— Я не помню, говорили ли. Принимали участие в разработке целой программы, вот вы мне что говорили. Затем вы спрашивали о письме к Нарышкиной, о котором я упомянул. Я хотел об этом написать, там я немного отходил от того, что здесь, т.-е., там я высказывал, что желательно повременить с созывом Думы, что созыва ее теперь невозможно допустить. Но как раз он произошел. Я писал это числа 18 декабря, и тут был перерыв на 11 января, потом было отсрочено по ходатайству Голицына. Но там я высказывался не за роспуск, сейчас, в виду длящегося и исключительно острого настроения, это было бы возможно. Только сошла одна, и опять на то же место приходит следующая по алфавиту буква.
Председатель.
— Какова была позиция Протопопова по отношению к этой записке Говорухи-Отрока или к той записке Римского-Корсакова?
Маклаков.
— О Протопопове одно могу сказать, что про эту записку он ничего не знает, я думаю, если государь не показывал.[76] Бывало так: он несколько раз переваривал записку и просил дать заключение о том, что писалось.

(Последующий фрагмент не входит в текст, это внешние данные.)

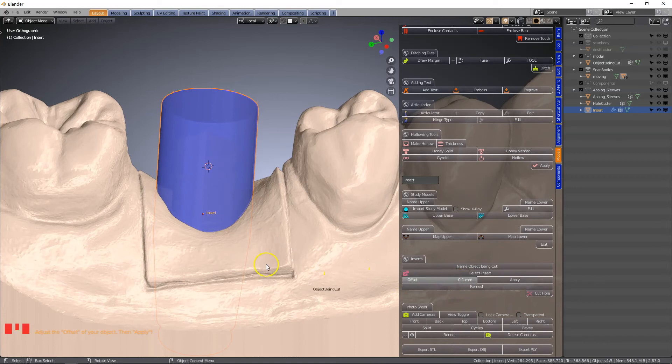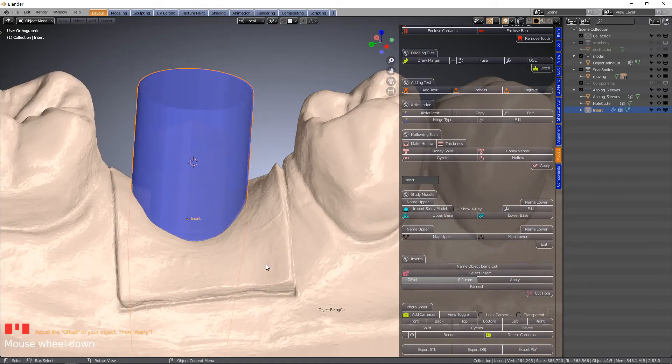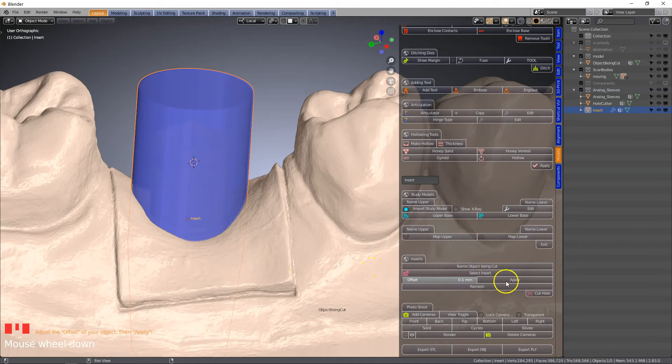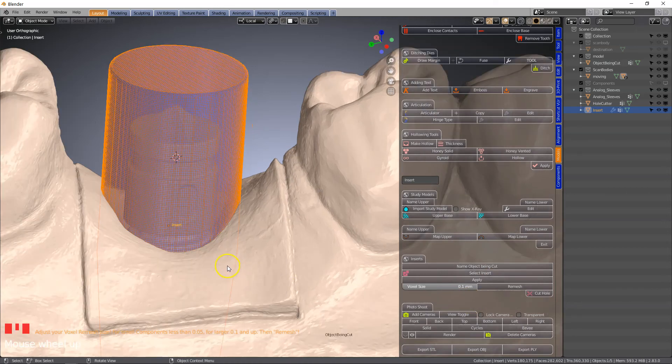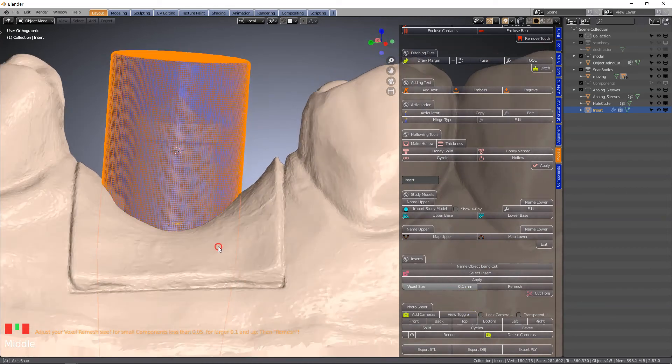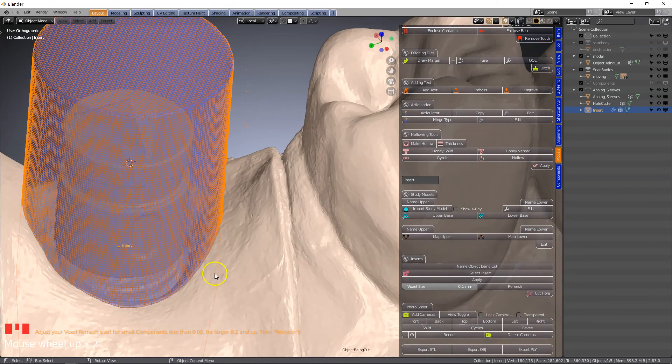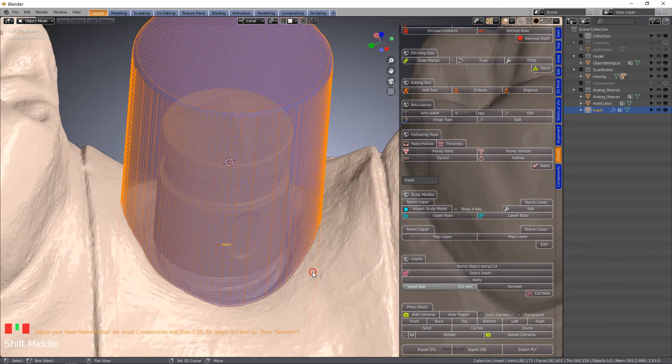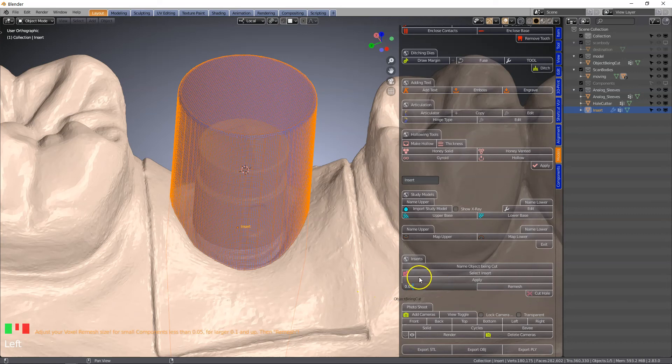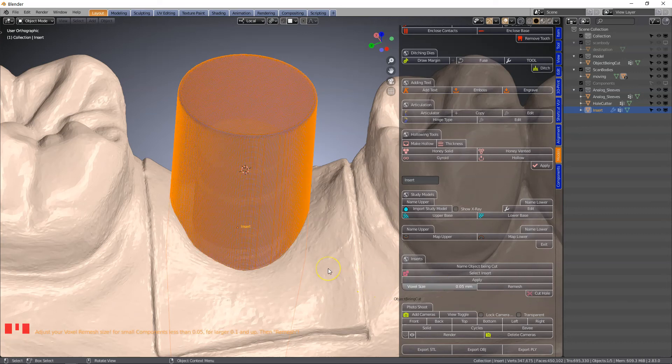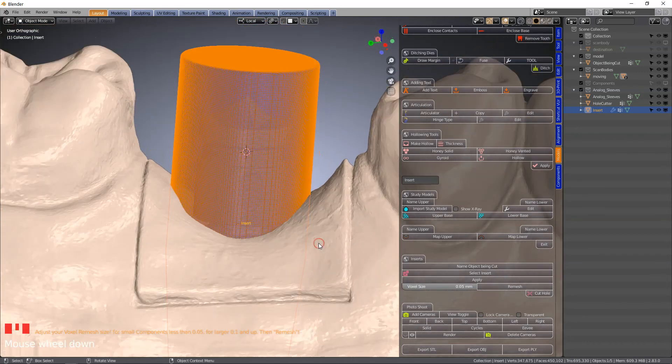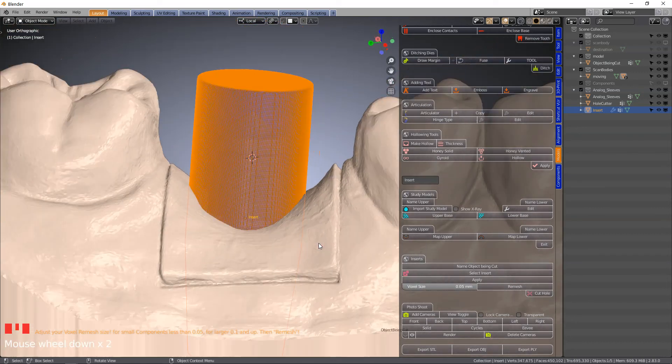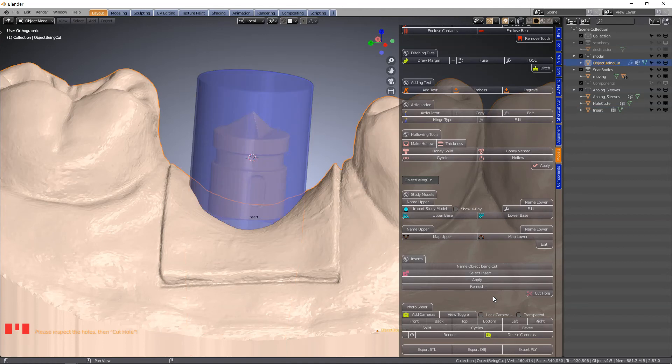You're going to need to experiment with your printer, but this is our default. Click on apply this offset. Next we're going to set the voxel mesh. The finer it is, the more accurate it's going to be. I'm going to set this to 0.05 to make it very dense. Then we're going to click on remesh, and then cut hole.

К Римскому-Корсакову он относился очень хорошо. Вообще, в правой группе Римский-Корсаков пользовался общим большим расположением, как безыскусственный, прямой человек. Так что, я не знаю, какое там о записке было дело, но Протопопов был занят, главным образом, не теорией вопроса, а политикой: распустить, не распустить. Он ближайшим моментом был занят, а группа смотрела дальше, на будущее. Мы немного эгоистично этот момент учитывали постольку, поскольку он мог отразиться на будущем. С Протопоповым мы по этому поводу ничего не говорили, кроме того, что я говорил про роспуск; когда он состоялся, я не верил; по-моему, нет сейчас ничего хуже вот таких роспусков.
Председатель.
— Вы не отрицаете того, что к этому времени относится некоторое сближение ваше с Протопоповым?
Маклаков.
— Сближение? Нет. У Протопопова была манера «дорогой мой» говорить со второго слова. Встречаясь, целуется со всеми. Что я у него чаще бывал? Тогда меня спрашивали. Вы ставите в связь с убийством Распутина, что после этого, т.-е., с конца декабря до марта, мы чаще виделись? Тут я около месяца пробыл в деревне. Остальное время — могло показаться. Во-первых, в церкви, когда я говел, проходил как-то батюшка и сказал мне: «Министр просит вас на минутку». Так было два раза. Один раз я приезжал, когда получил поручение написать проект манифеста; второй раз я приехал с черновиком, чтобы его обсудить. Вот вам, как будто два дня под ряд неразлучной дружбы. У меня не было сближения с ним. Что в нем было симпатично, это то, что он необычайно откровенно исповедовал свою преданность государю, совершенно открыто, даже в тех кругах и при тех людях, при которых это несомненно для него было невыгодно. Он меня этим подкупал. Но это единственное.
Председатель.
— Но у вас не подымался вопрос о сотрудничестве в совете министров? Он проводил вас одним из членов совета министров.
Маклаков.
— Он без конца об этом говорил.
Председатель.
— Вот видите; это я и назвал некоторым сближением.
Маклаков.
— Во-первых (теперь вы можете не поверить), я никогда бы не пошел. Разговор был, когда письмо пришло, Протопопов тоже не знал, что это за письмо. По крайней мере, совершенно искренно давал слово, что не знает. Он говорил: «Это напрасно, вам не надо было уезжать. Вы наверное вошли бы в состав». Я говорю: «Никогда бы не пошел». Я пошел тогда, когда верил, что можно кое-что сделать. Но теперь, когда я вижу, что больше не на что опираться, я бы не пошел.
Председатель.
— Вы ясно сознавали, что дело строя проиграно?
Маклаков.
— Да, да, в том отношении, что партийно только можно бы поставить. Я считал, что, в случае победоносного окончания войны, такой будет общий подъем и радость, что они выльются в очень хорошую форму, в конце концов, и с одной и с другой стороны, в массах народных, и сверху, там бы это было.[77]
Председатель.
— Так что революция вам представлялась тогда неизбежной, но вы думали, что она будет после окончания войны и, быть может, в несколько иных формах?
Маклаков.
— И, быть может, выльется в другую сторону; несомненно, назревало то, что нужно сделать для одних и для других. Для меня самое трудное было в службе, что вызывало рефлекторное настораживание, — это чисто политическая боевая линия, не в смысле террористическом, а в смысле завоевания; у нас именно этого духа борьбы, ни одного атома боевого в среде правительства не было.